Quand M. Arago, en janvier 1839, annonça l'invention de MM.Niepce et Daguerre, quand aussi, un peu plus tard, les produits de cette découverte firent leur apparition à la Chambre des députés, appelée à lui décerner une récompense nationale, on se mit dès lors à raisonner sur les résultats probables, dans un avenir plus ou moins éloigné, de cette lutte engagée entre l'art et l'optique secondée de la chimie. On s'apitoyait généralement sur la ruine prochaine de tous les artistes en portraits et en paysages; tout le talent d'un peintre allait désormais se borner à la science des couleurs, à l'enluminure, si toutefois, ajoutait-on, il est impossible d'obtenir des épreuves coloriées par le soleil lui-même.
Les esprits moins superficiels, doués, à un certain degré, du sens artistique, ne virent dans cette singulière action de la lumière sur l'argent et l'iode qu'un simple mécanisme, propre à seconder l'art, en lui fournissant des croquis sans effets, mais précieux pour l'étude des ombres et de la perspective. Ils assimilaient volontiers la photographie, comparée à la peinture, au jeu froid et machinal d'un orgue de barbarie, par rapport à la suave et intelligente harmonie d'un orchestre vivant.
C'est, à mon avis, cette dernière opinion qui se rapproche le plus de la vérité. Pour traiter radicalement cette question, il faudra mettre en présence, d'un côté, un daguerréotype doué de toute la perfection mécanique possible, de l'autre, un artiste de premier ordre ; et d'abord essayons de faire comprendre en quoi consistent les qualités d'un daguerréotype parfait.

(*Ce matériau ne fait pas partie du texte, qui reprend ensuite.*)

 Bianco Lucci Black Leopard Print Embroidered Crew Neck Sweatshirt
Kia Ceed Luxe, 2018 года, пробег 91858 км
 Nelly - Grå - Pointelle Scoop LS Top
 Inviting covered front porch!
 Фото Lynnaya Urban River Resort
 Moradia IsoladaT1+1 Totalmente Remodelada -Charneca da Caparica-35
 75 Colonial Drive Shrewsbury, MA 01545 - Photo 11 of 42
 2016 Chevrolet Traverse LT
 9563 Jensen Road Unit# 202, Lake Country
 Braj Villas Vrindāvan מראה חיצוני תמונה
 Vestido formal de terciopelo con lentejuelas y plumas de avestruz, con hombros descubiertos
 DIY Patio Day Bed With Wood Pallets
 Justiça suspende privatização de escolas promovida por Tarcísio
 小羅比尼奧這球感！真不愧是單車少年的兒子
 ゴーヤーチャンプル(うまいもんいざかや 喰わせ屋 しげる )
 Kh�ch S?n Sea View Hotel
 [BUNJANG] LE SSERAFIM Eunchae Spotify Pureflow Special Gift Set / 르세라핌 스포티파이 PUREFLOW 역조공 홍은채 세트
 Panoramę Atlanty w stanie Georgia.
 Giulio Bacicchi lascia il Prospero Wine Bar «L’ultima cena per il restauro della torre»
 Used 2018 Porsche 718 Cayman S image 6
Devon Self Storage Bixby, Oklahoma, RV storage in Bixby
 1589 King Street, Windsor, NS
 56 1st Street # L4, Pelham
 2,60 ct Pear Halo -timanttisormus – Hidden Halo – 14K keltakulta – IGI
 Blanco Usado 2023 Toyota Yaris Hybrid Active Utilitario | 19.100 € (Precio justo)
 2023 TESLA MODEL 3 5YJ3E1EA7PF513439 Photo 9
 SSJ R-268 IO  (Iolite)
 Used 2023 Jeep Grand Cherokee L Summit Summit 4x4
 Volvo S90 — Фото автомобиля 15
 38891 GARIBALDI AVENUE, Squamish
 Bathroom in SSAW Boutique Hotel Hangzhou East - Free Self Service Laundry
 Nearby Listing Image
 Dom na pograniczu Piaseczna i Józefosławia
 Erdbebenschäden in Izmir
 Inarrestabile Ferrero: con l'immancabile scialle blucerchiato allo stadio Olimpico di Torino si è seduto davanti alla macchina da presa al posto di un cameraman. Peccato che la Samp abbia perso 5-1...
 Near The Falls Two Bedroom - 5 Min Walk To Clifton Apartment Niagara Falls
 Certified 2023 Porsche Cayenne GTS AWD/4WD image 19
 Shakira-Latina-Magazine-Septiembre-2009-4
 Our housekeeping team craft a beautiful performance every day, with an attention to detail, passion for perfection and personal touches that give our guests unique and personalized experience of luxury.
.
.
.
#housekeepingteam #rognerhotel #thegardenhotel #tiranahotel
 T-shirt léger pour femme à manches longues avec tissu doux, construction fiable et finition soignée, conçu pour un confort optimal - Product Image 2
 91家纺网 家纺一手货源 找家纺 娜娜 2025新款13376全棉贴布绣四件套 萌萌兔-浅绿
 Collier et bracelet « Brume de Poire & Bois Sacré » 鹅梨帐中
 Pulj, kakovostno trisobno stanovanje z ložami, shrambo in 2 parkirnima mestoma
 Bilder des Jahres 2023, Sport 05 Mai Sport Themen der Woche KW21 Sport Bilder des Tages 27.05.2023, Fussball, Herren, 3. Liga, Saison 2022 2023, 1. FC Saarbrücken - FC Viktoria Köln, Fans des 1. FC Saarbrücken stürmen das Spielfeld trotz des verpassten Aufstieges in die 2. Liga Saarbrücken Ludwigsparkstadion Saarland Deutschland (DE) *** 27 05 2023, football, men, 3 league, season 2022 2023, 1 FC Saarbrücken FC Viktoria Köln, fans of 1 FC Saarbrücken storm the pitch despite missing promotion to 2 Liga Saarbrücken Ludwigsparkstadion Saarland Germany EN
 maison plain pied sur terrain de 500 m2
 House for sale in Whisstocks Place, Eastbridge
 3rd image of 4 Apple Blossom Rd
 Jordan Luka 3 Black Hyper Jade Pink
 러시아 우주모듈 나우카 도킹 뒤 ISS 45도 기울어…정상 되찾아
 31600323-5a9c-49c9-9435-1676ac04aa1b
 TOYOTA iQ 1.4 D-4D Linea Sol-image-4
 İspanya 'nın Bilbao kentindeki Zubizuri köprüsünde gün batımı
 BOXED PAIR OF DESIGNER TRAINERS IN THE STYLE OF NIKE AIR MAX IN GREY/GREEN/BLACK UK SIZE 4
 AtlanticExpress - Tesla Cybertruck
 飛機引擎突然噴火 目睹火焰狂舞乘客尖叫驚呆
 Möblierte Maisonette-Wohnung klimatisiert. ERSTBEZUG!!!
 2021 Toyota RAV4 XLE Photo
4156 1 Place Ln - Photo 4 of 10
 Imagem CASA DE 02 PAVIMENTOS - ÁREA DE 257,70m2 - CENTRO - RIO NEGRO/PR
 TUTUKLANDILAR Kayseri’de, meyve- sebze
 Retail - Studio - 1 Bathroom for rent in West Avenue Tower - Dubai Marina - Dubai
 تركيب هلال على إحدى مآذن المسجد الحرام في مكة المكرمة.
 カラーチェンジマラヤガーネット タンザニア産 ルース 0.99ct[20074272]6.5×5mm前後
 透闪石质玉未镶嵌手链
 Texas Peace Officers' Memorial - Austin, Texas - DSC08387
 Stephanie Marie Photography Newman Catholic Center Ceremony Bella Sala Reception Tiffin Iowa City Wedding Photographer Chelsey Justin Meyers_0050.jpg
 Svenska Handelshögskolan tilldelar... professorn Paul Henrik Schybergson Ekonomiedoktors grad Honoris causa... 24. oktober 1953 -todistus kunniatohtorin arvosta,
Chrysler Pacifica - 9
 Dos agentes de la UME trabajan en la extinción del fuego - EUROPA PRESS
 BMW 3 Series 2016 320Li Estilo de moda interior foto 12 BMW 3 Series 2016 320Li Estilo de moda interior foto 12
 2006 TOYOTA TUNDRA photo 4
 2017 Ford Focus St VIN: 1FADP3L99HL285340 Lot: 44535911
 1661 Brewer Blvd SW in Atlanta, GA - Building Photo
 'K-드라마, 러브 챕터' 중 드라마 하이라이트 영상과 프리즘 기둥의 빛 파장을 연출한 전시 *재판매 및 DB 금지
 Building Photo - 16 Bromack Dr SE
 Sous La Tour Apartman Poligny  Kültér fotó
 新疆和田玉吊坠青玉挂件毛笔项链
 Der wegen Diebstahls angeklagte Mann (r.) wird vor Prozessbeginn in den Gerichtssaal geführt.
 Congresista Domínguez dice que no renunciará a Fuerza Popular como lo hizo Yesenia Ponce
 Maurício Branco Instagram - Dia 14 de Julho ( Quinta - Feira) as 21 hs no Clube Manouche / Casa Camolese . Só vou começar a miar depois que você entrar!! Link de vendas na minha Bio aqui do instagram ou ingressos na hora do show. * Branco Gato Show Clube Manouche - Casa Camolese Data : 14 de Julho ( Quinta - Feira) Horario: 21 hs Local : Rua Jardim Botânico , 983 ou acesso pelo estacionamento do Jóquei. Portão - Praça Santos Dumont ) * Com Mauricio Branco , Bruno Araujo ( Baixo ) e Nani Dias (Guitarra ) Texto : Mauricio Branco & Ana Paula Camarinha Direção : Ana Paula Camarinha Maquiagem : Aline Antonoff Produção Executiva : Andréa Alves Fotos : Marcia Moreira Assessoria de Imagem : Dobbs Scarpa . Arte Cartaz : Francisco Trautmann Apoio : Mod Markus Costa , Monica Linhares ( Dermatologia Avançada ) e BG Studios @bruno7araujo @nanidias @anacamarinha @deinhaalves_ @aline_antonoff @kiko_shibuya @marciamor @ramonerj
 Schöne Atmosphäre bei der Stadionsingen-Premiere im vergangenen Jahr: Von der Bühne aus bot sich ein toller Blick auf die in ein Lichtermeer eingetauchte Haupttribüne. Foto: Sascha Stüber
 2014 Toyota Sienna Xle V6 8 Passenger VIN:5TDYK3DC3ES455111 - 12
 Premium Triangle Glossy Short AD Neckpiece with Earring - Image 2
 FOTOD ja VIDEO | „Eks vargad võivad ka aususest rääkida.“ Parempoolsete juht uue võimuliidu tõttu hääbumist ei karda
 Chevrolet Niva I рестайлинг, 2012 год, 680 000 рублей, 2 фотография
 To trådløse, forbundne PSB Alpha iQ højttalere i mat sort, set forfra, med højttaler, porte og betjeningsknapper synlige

L'action optique qui préside aux effets de la chambre noire (instrument connu depuis plus de deux siècles) peut s'expliquer en quelques mots. Quand les rayons lumineux qui partent en ligne droite de tous les objets visibles viennent à rencontrer et à traverser un disque de verre à surface convexe, par une loi naturelle dite réfraction, elles acquièrent la propriété de former dans l'air, au delà de ce disque, une image des objets réels de la surface desquels elles émanent. L'extrême perfection de cette image dépend du degré de pureté et de transparence de la masse cristalline, cet œil factice qu'on nomme un objectif; d'autre part, de la précision de son arc de courbure.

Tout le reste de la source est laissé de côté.